私の環境だと、pyenv を使ってるので、このパスに python があります。せっかくなので、バージョンを変更してみます。
% which python
/Users/optimisuke/.pyenv/shims/python
% python -V
Python 3.11.6
% pyenv local 3.12
% python -V
Python 3.12.0
% which python
/Users/optimisuke/.pyenv/shims/python
次に、venv 環境をつくります。
% python -m venv .venv
この時点では、使ってる python に変更はありません。
% which python
/Users/optimisuke/.pyenv/shims/python
作られたフォルダの bin をみてみます。
% ls -ltr .venv/bin
total 72
lrwxr-xr-x 1 optimisuke staff 44 Dec 16 23:12 python -> /Users/optimisuke/.pyenv/versions/3.12.0/bin/python
lrwxr-xr-x 1 optimisuke staff 6 Dec 16 23:12 python3 -> python
lrwxr-xr-x 1 optimisuke staff 6 Dec 16 23:12 python3.12 -> python
-rwxr-xr-x 1 optimisuke staff 251 Dec 16 23:12 pip
-rwxr-xr-x 1 optimisuke staff 251 Dec 16 23:12 pip3
-rwxr-xr-x 1 optimisuke staff 251 Dec 16 23:12 pip3.12
-rw-r--r-- 1 optimisuke staff 2210 Dec 16 23:12 activate.fish
-rw-r--r-- 1 optimisuke staff 931 Dec 16 23:12 activate.csh
-rw-r--r-- 1 optimisuke staff 9033 Dec 16 23:12 Activate.ps1
-rw-r--r-- 1 optimisuke staff 2350 Dec 16 23:12 activate
python のシンボリックリンク(エイリアス)があることがわかります。pyenv で入れた python の実態にリンクされてそうです。
python -m venv .venv
するタイミングで有効になってる python が使われそうです。
source .venv/bin/activate
したら実行されるもの
activate してみます。期待通りの python を実行できそうです。何が起きたのでしょう?
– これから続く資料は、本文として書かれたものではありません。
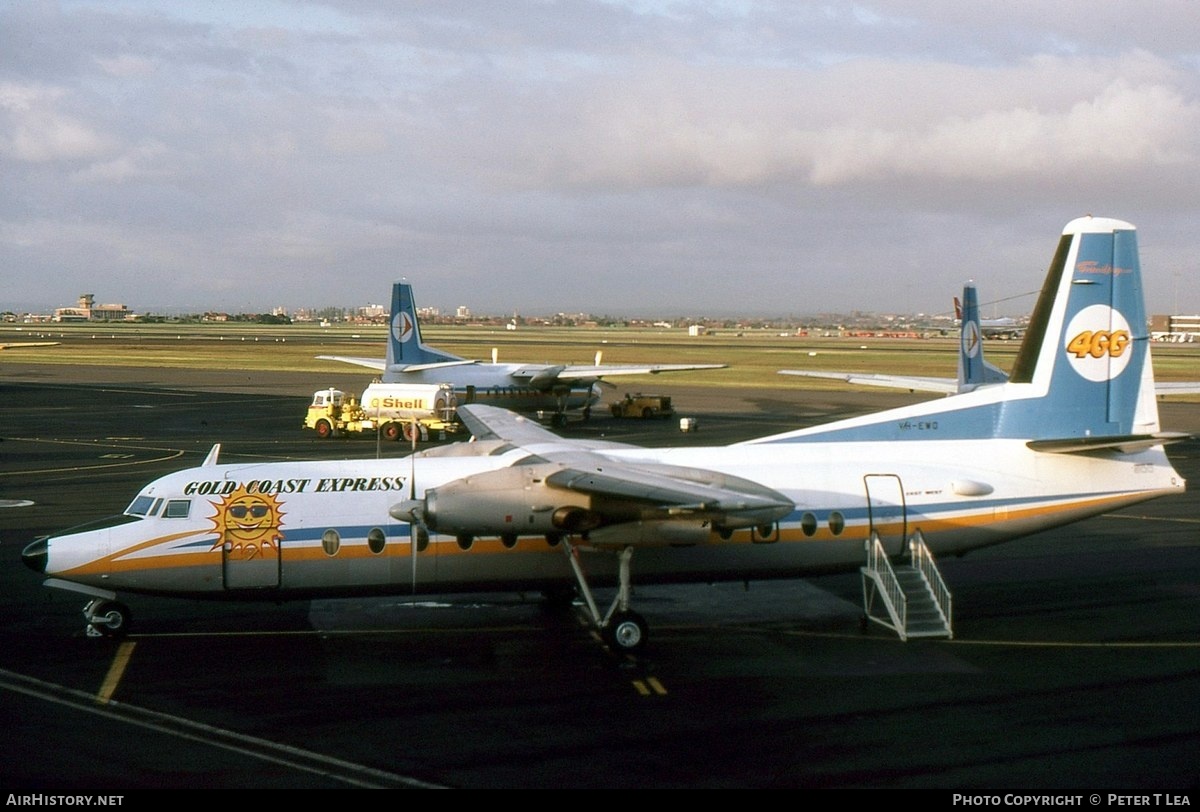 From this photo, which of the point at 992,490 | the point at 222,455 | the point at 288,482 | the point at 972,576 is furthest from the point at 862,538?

% source .venv/bin/activate
% which python
/Users/optimisuke/Repos/sandbox/gradio/.venv/bin/python
% python -V
Python 3.12.0
activate を見てみると、ただのシェルスクリプトです。大事なのはここだけです。作った.venv
へのパスを通してるだけです。
VIRTUAL_ENV="/Users/optimisuke/Repos/sandbox/gradio/.venv"
export VIRTUAL_ENV
_OLD_VIRTUAL_PATH="$PATH"
PATH="$VIRTUAL_ENV/bin:$PATH"
export PATH
パスを見てみるとこんな感じです。先頭にパスが追加されるので、コマンドを打った時に最初に検索されます。python コマンド実行時に使われる実行ファイルが変わったのはこれだけでしたね。pip も同じように.venv/bin
にあるのでそれが使われます。
% echo $PATH
/Users/optimisuke/Repos/sandbox/gradio/.venv/bin:/Users/optimisuke/.deno/bin:/Users/optimisuke/.local/bin
vscode のインタープリタ候補に表示されるもの
右下に書かれてる python のバージョンが、たまに python コマンドのバージョンとずれたりします。vscode にどれを使っているか教えてあげないと lint とかもうまくいきません。デフォルトでは、ワークスペースも探してくれるみたいですが、ワークスペースにフォルダ作ってそっちで作業してるとうまくいきません。候補に出てこない場合は.venv
内のパスを指定して教えてあげる必要があります。
デフォルトで探すフォルダはsettings.json
で設定できるみたいです。
deactivate
したら実行されるもの
activate
ないにあった以下の関数が呼び出されます。いい感じにパスが通っているので、コマンドとして呼び出せます。大事なのは PATH の設定を戻しているところです。すごくシンプルですね。
deactivate () {
# reset old environment variables
if [ -n "${_OLD_VIRTUAL_PATH:-}" ] ; then
PATH="${_OLD_VIRTUAL_PATH:-}"
export PATH
unset _OLD_VIRTUAL_PATH
fi
if [ -n "${_OLD_VIRTUAL_PYTHONHOME:-}" ] ; then
PYTHONHOME="${_OLD_VIRTUAL_PYTHONHOME:-}"
export PYTHONHOME
unset _OLD_VIRTUAL_PYTHONHOME
fi
# This should detect bash and zsh, which have a hash command that must
# be called to get it to forget past commands. Without forgetting
# past commands the $PATH changes we made may not be respected
if [ -n "${BASH:-}" -o -n "${ZSH_VERSION:-}" ] ; then
hash -r 2> /dev/null
fi
if [ -n "${_OLD_VIRTUAL_PS1:-}" ] ; then
PS1="${_OLD_VIRTUAL_PS1:-}"
export PS1
unset _OLD_VIRTUAL_PS1
fi
unset VIRTUAL_ENV
unset VIRTUAL_ENV_PROMPT
if [ ! "${1:-}" = "nondestructive" ] ; then
# Self destruct!
unset -f deactivate
fi
}
おわりに
以上が、venv の動きでした。調べてみると、ものすごくシンプルですね。